* **Task to carry out**:
Every record below is to be restated word for word, and no picture is to be copied.

START Data extracts

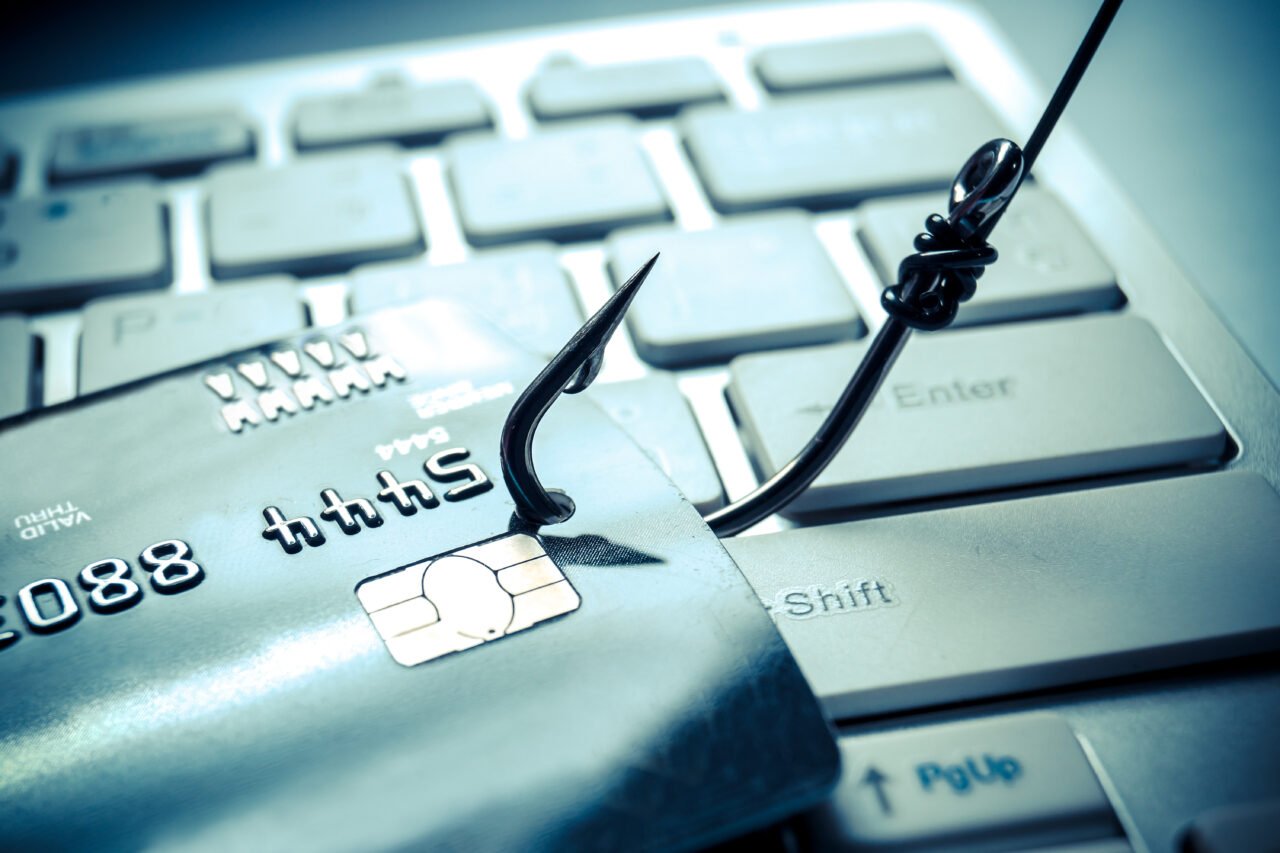 Carding - co to jest i jak chronić swoje pieniądze przed cyberprzestępcami?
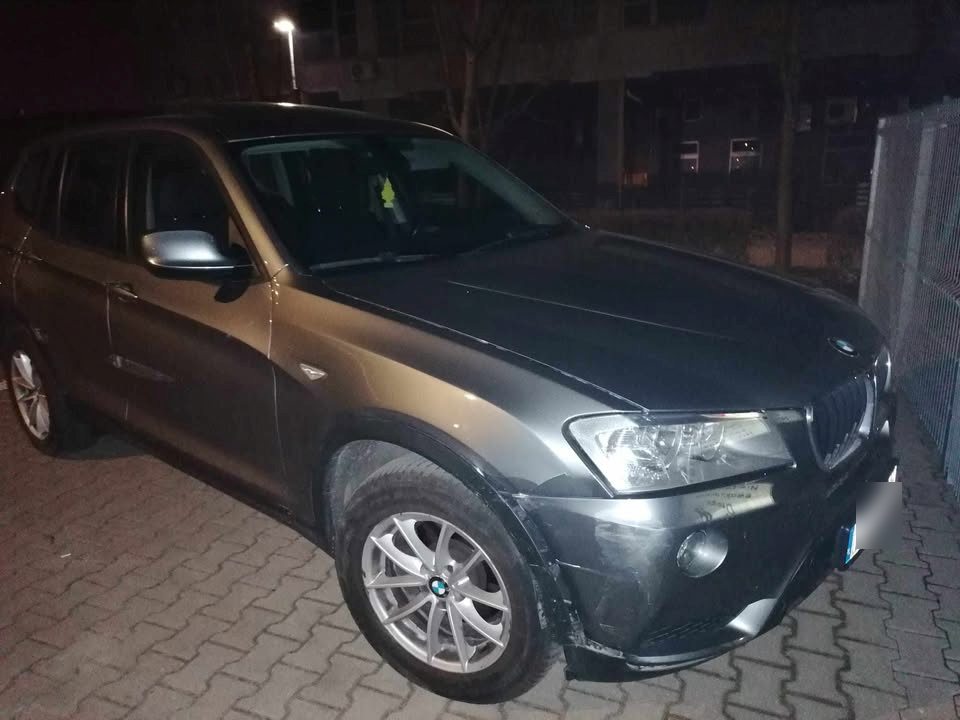 Na parkingu wjechała w zaparkowane samochody. Zostawiła BMW i oddaliła się pieszo (foto)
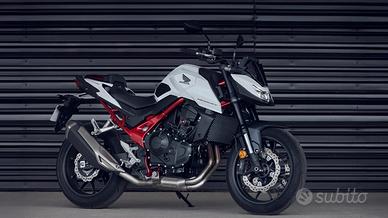 HONDA CB 750 HORNET 2025 IN PROMOZIONE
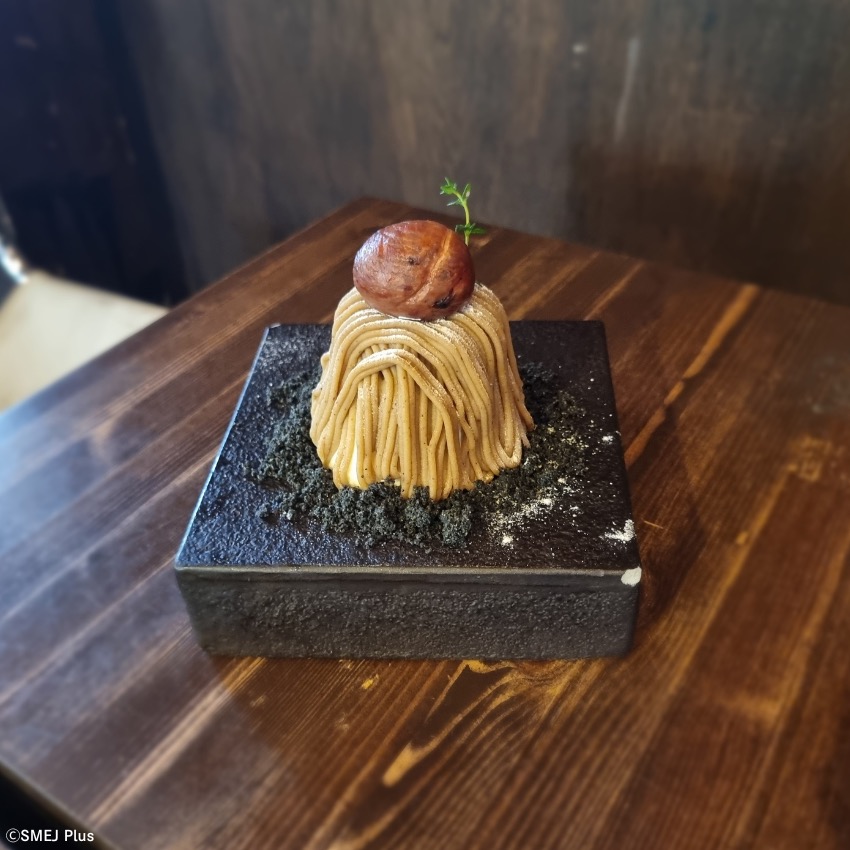 益善洞(イクソンドン)の韓屋カフェ「清水堂(チョンスダン)」のモンブラン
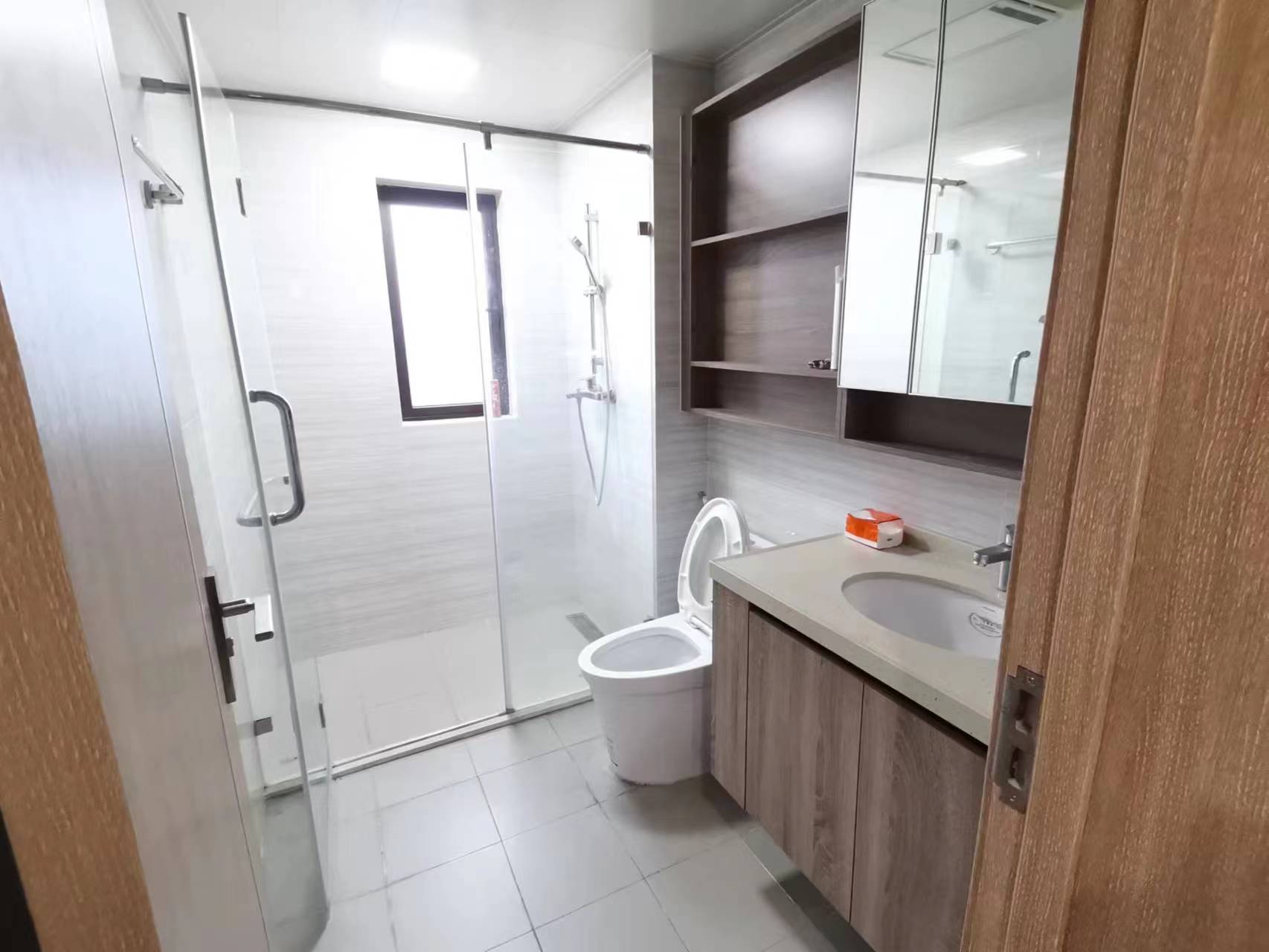 美的翰城  4室2厅2卫   112.80万 美的翰城  4室2厅2卫   112.80万室内图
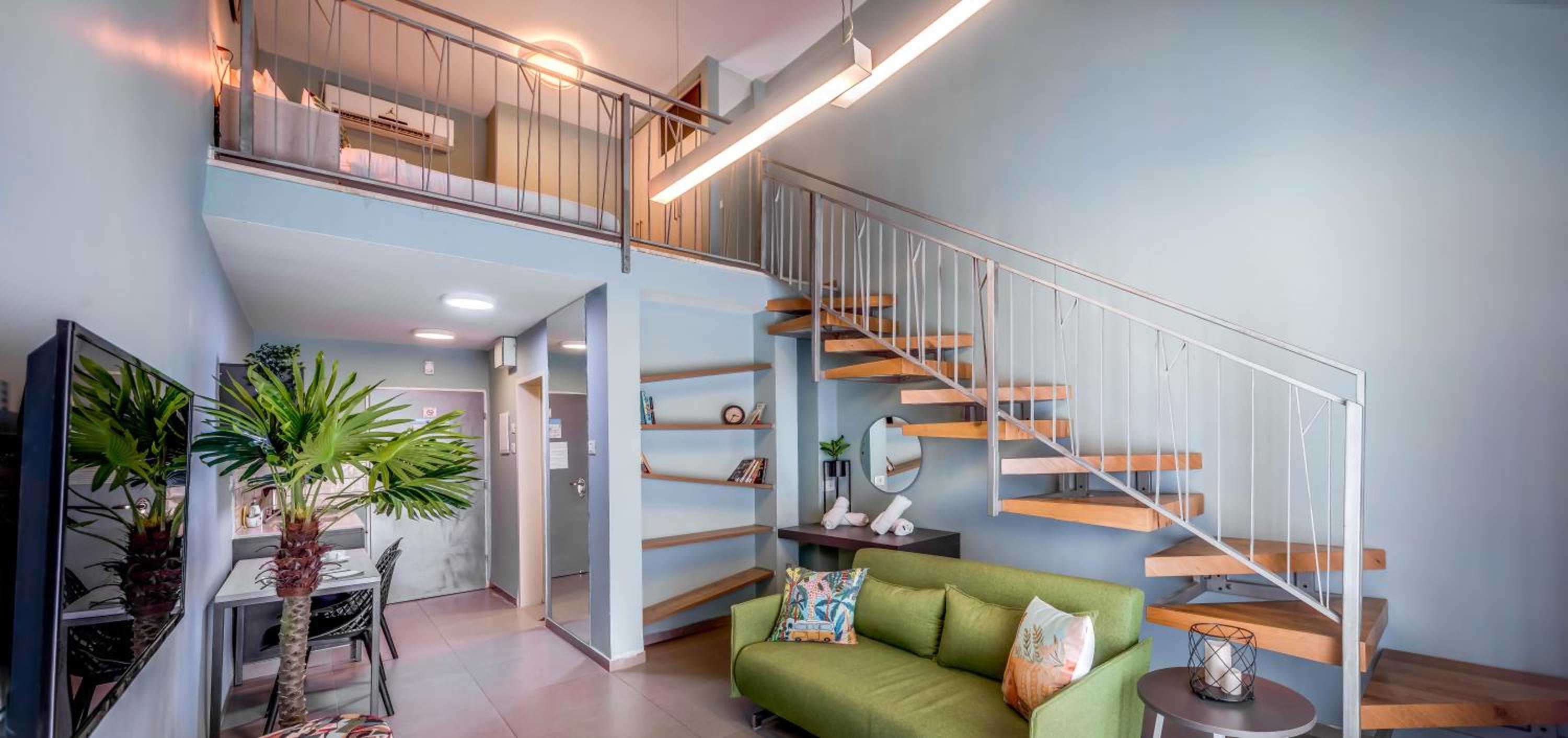 Family Gallery Apartment with Balcony  photo 2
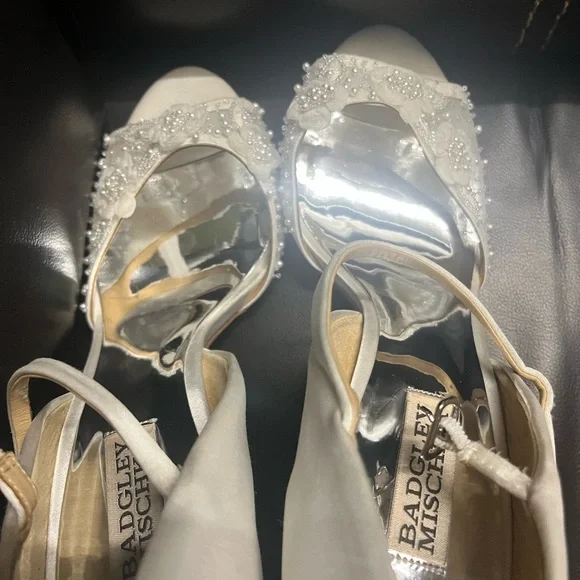 Badgley Mischka White Embellished Heels for Special Occasions 4 inches high - Picture 6 of 10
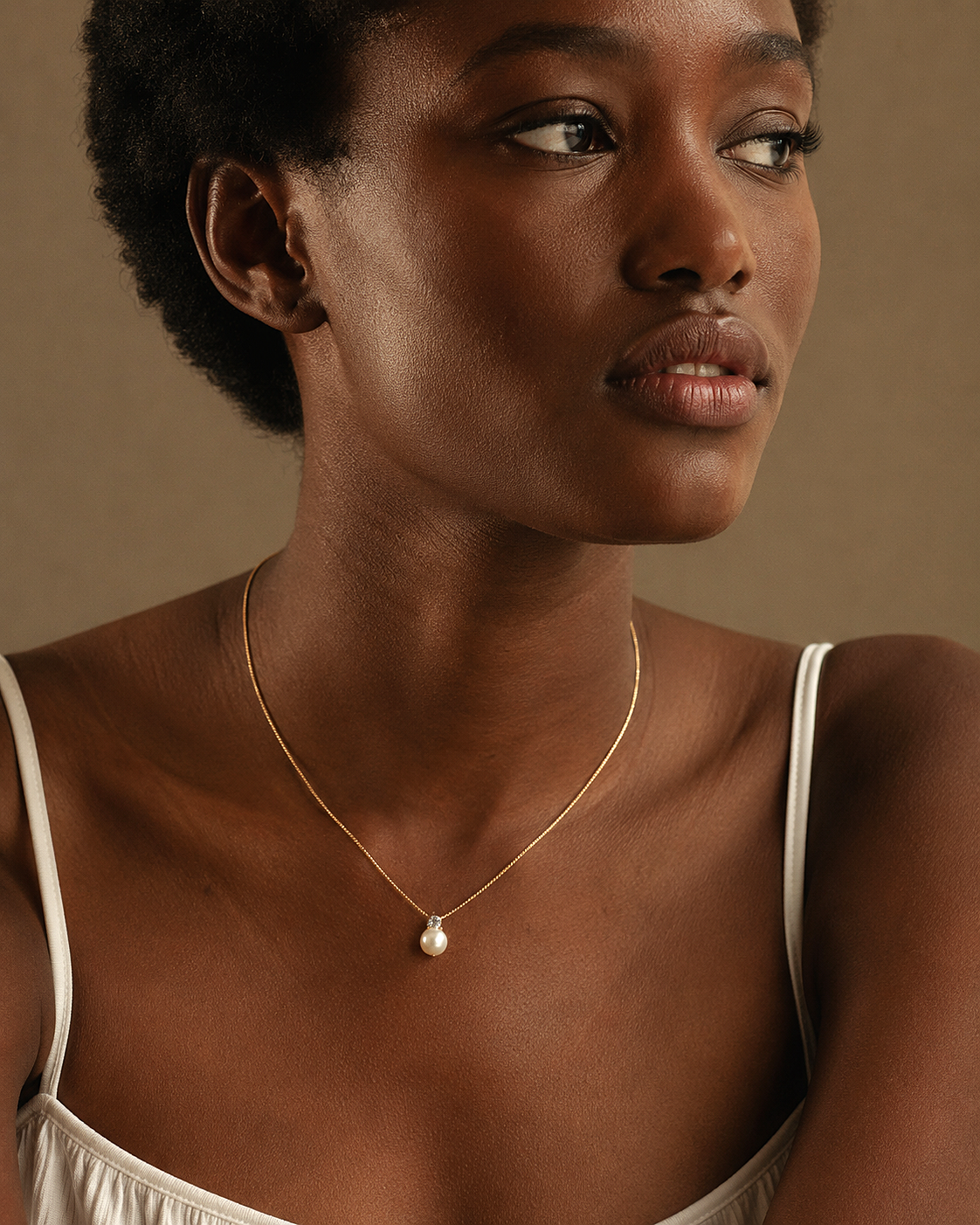 The Pearl & Crystal Necklace - B E L O R I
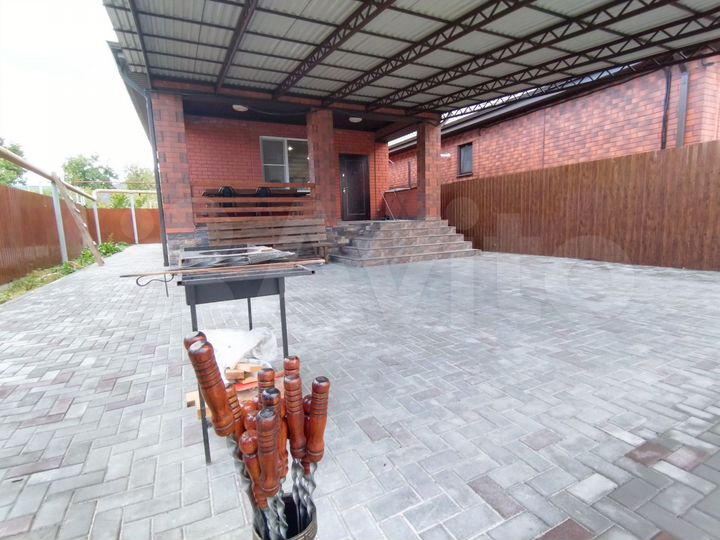 Дом 80 м² на участке 4 сот.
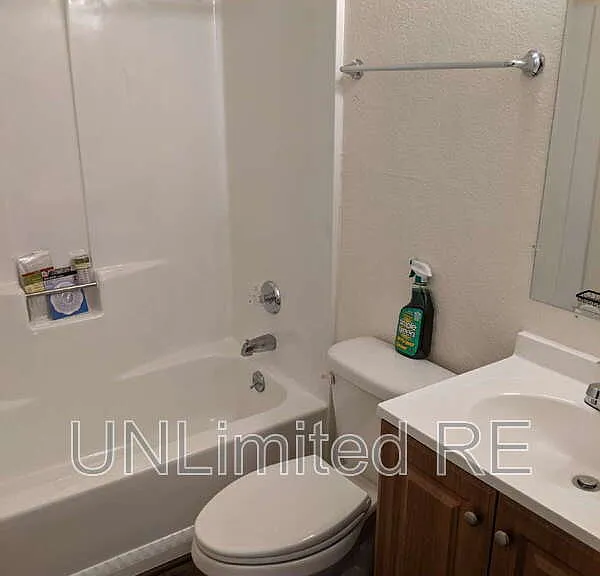 321 N Park St #C — Photo 4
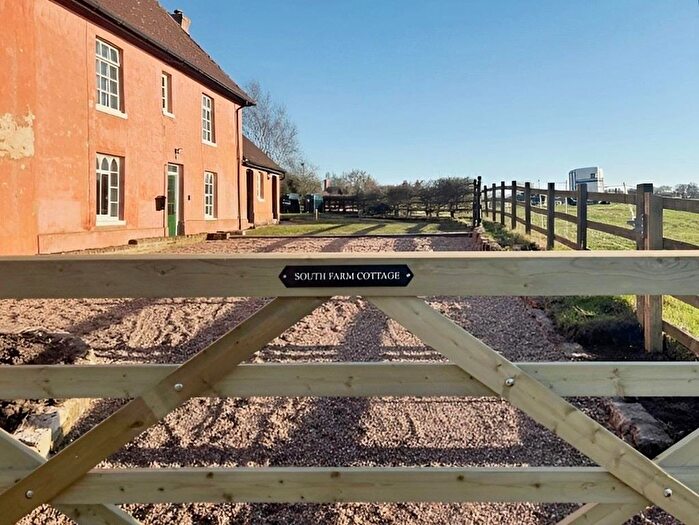 3 Bedroom Cottage To Rent In Budby, Newark, NG22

END Data extracts

* **Result**:
 Carding - co to jest i jak chronić swoje pieniądze przed cyberprzestępcami?
 Na parkingu wjechała w zaparkowane samochody. Zostawiła BMW i oddaliła się pieszo (foto)
 HONDA CB 750 HORNET 2025 IN PROMOZIONE
 益善洞(イクソンドン)の韓屋カフェ「清水堂(チョンスダン)」のモンブラン
 美的翰城  4室2厅2卫   112.80万 美的翰城  4室2厅2卫   112.80万室内图
 Family Gallery Apartment with Balcony  photo 2
 Badgley Mischka White Embellished Heels for Special Occasions 4 inches high - Picture 6 of 10
 The Pearl & Crystal Necklace - B E L O R I
 Дом 80 м² на участке 4 сот.
 321 N Park St #C — Photo 4
 3 Bedroom Cottage To Rent In Budby, Newark, NG22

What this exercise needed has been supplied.